# Exercise inputs
---*---

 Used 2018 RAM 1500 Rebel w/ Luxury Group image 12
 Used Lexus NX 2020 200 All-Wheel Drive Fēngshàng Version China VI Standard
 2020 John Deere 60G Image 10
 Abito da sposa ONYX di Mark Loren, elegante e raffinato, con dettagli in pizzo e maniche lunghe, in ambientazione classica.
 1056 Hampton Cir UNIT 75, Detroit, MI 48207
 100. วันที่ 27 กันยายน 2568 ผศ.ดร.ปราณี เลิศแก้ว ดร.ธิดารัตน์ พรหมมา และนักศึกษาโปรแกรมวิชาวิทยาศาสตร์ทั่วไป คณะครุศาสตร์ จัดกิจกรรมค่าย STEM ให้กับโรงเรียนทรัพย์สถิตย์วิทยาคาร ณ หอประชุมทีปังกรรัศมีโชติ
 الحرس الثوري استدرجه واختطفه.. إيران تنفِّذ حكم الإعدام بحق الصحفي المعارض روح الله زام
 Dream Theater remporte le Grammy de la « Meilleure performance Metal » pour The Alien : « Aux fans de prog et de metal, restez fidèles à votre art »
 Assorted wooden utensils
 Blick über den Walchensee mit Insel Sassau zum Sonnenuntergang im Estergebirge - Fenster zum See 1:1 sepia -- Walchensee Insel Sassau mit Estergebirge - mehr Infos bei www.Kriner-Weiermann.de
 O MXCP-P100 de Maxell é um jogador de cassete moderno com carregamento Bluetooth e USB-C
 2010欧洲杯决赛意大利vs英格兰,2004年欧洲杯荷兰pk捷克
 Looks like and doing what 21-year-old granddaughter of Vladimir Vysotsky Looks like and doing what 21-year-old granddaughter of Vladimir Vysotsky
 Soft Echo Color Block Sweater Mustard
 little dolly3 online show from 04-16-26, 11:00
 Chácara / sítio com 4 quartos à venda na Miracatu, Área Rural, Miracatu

---*---

# Directions
Exactly and only the lines from the line containing "الحرس الثوري استدرجه" through the last line of the entries should be copied, both ends included.

# Answer to this problem
 الحرس الثوري استدرجه واختطفه.. إيران تنفِّذ حكم الإعدام بحق الصحفي المعارض روح الله زام
 Dream Theater remporte le Grammy de la « Meilleure performance Metal » pour The Alien : « Aux fans de prog et de metal, restez fidèles à votre art »
 Assorted wooden utensils
 Blick über den Walchensee mit Insel Sassau zum Sonnenuntergang im Estergebirge - Fenster zum See 1:1 sepia -- Walchensee Insel Sassau mit Estergebirge - mehr Infos bei www.Kriner-Weiermann.de
 O MXCP-P100 de Maxell é um jogador de cassete moderno com carregamento Bluetooth e USB-C
 2010欧洲杯决赛意大利vs英格兰,2004年欧洲杯荷兰pk捷克
 Looks like and doing what 21-year-old granddaughter of Vladimir Vysotsky Looks like and doing what 21-year-old granddaughter of Vladimir Vysotsky
 Soft Echo Color Block Sweater Mustard
 little dolly3 online show from 04-16-26, 11:00
 Chácara / sítio com 4 quartos à venda na Miracatu, Área Rural, Miracatu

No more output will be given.